#### [TASK PROMPT]
Repeat, word for word, all the data that follows, and exclude the pictures.

#### [Source records]
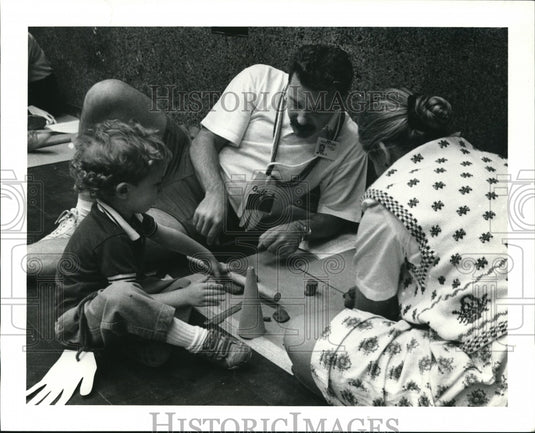 1990 Press Photo Kids work on art project, Museum of Art - cva92595- Historic Images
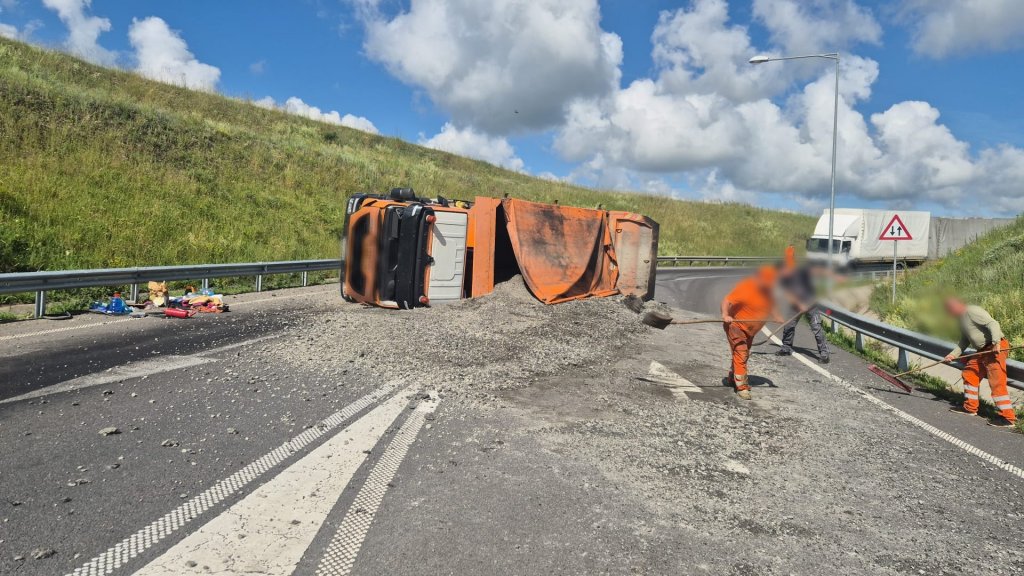 De ce s-a răsturnat autocamionul pe A3 la Nădășelu. Ce au descoperit polițiștii clujeni după primele verificări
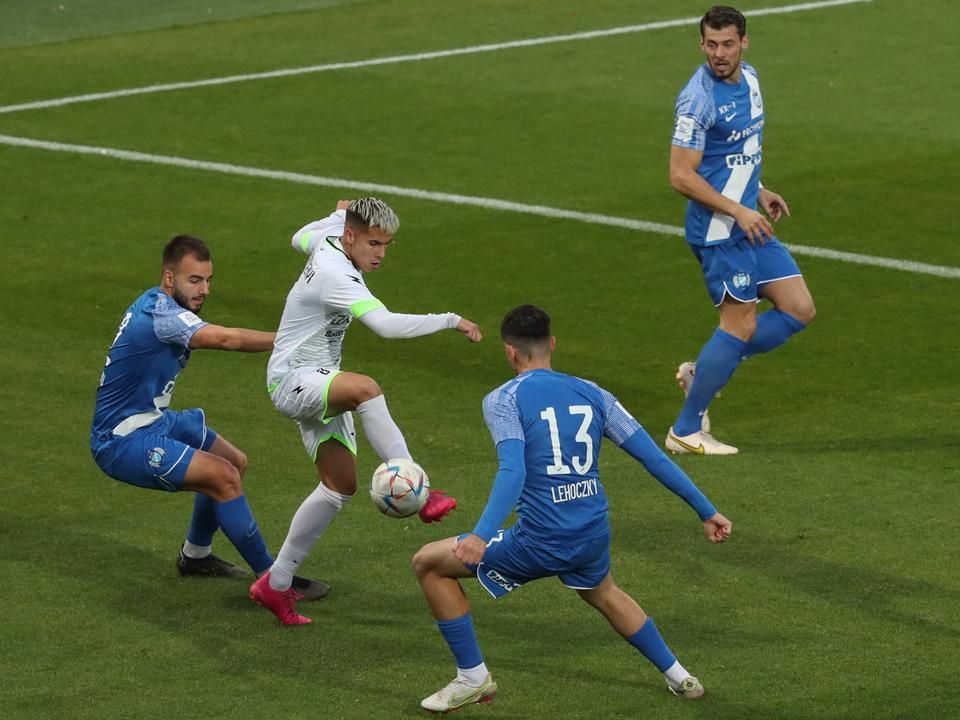 Berzsenyi Kevin (fehérben) szerezte az Ajka első gólját (Fotó: Penovác Károly/Veszprémi Napló)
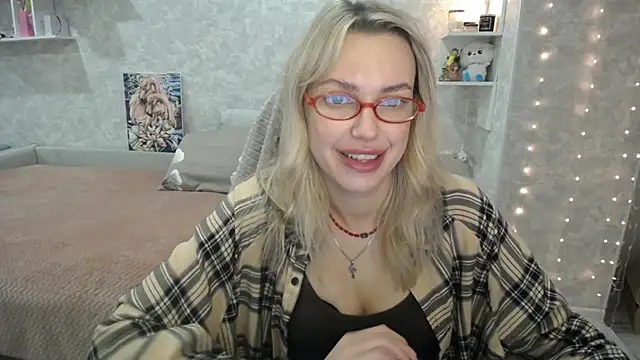 Snapshot of NickyAdamidi chatting on October 13, 2025, 5:25 pm NickyAdamidi online show from October 13, 2025, 5:25 pm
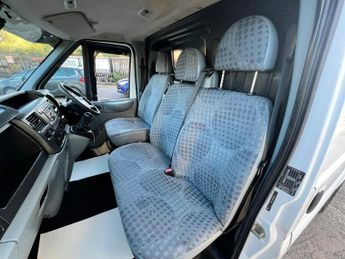 Ford Transit 2.2 TDCi 280 Duratorq FWD L1 H1 5dr
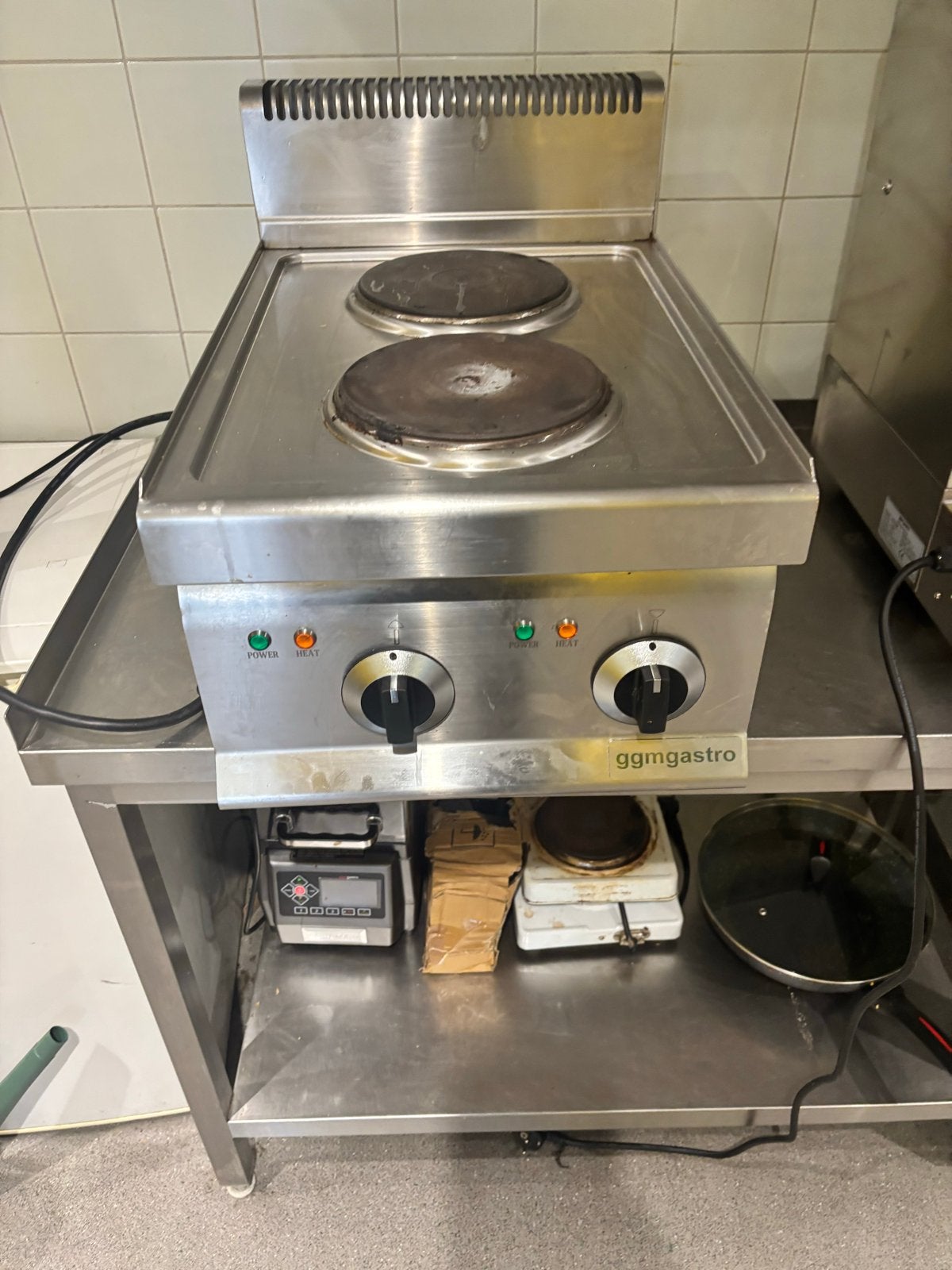 Professioneel Elektrisch Tafelmodel Fornuis 2 Kookplaten, Ophalen, Nieuw, 3 kookzones of minder, Vrijstaand
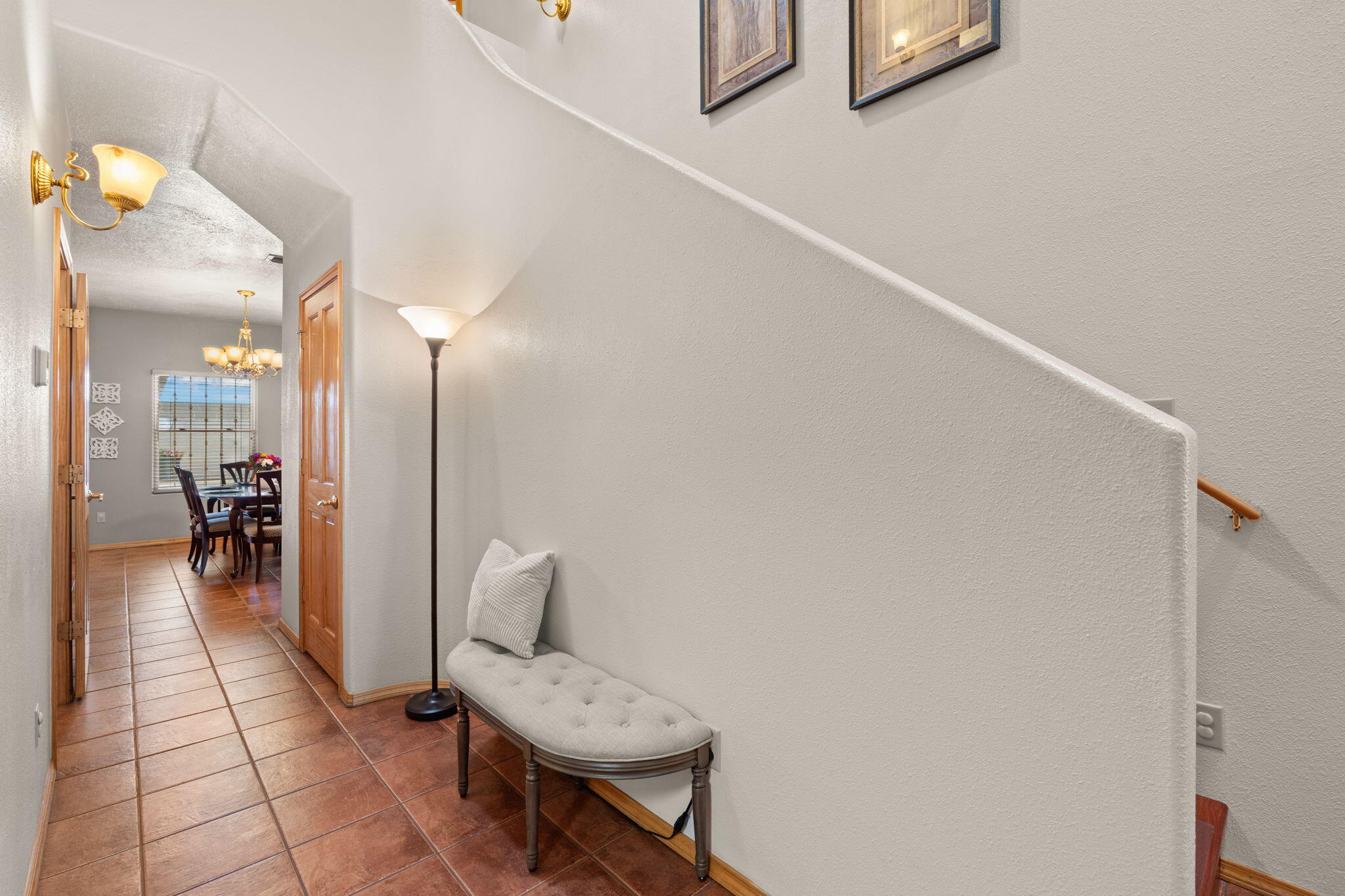 9244 Bluewood Lane NE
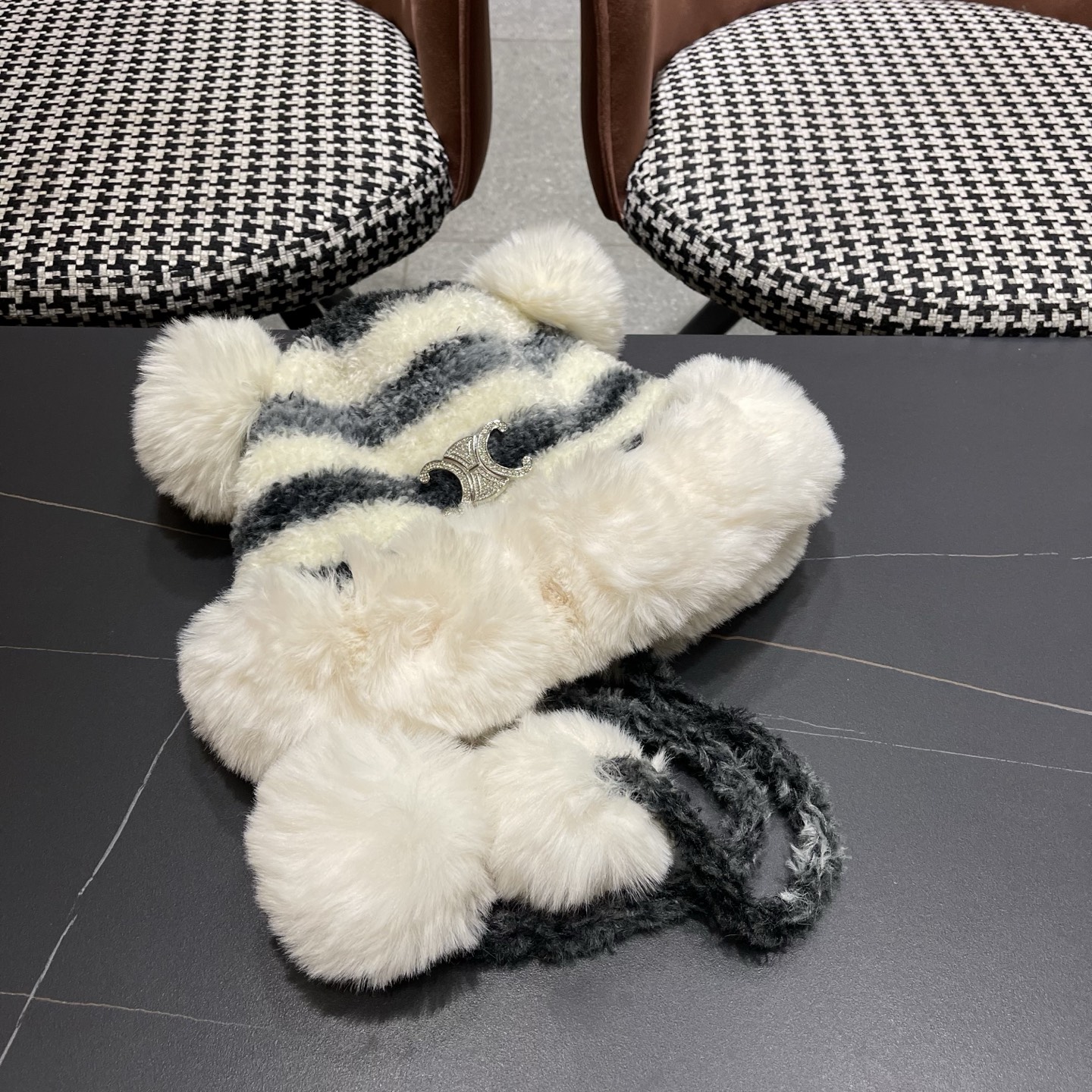  【Celine赛琳】2025秋冬新款羊绒条纹拼色渔夫帽独特设计～复古文艺的一款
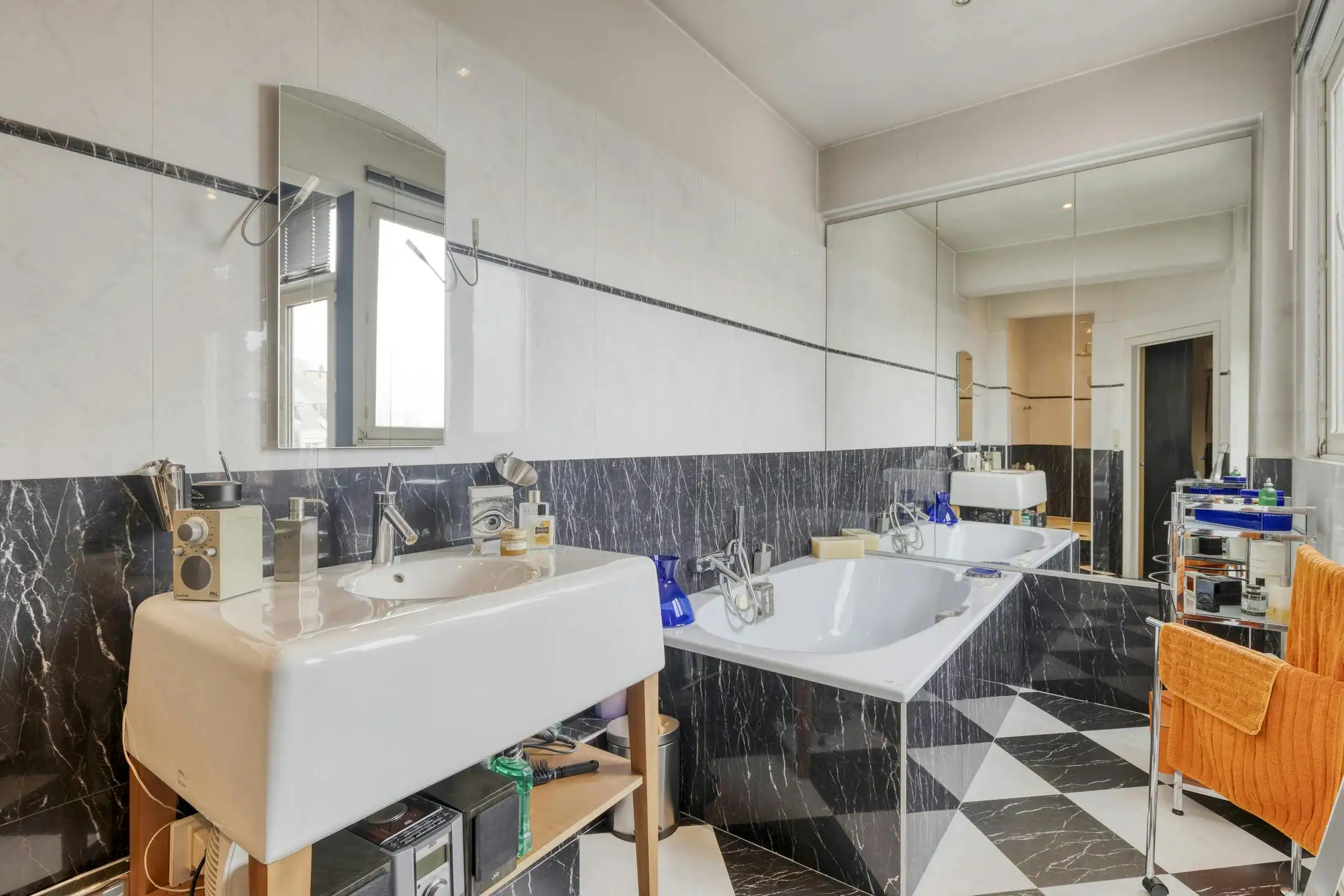 Bovenste Verdieping met Terrassen en Parking foto 8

#### [ANSWER BOX]
 1990 Press Photo Kids work on art project, Museum of Art - cva92595- Historic Images
 De ce s-a răsturnat autocamionul pe A3 la Nădășelu. Ce au descoperit polițiștii clujeni după primele verificări
 Berzsenyi Kevin (fehérben) szerezte az Ajka első gólját (Fotó: Penovác Károly/Veszprémi Napló)
 Snapshot of NickyAdamidi chatting on October 13, 2025, 5:25 pm NickyAdamidi online show from October 13, 2025, 5:25 pm
 Ford Transit 2.2 TDCi 280 Duratorq FWD L1 H1 5dr
 Professioneel Elektrisch Tafelmodel Fornuis 2 Kookplaten, Ophalen, Nieuw, 3 kookzones of minder, Vrijstaand
 9244 Bluewood Lane NE
  【Celine赛琳】2025秋冬新款羊绒条纹拼色渔夫帽独特设计～复古文艺的一款
 Bovenste Verdieping met Terrassen en Parking foto 8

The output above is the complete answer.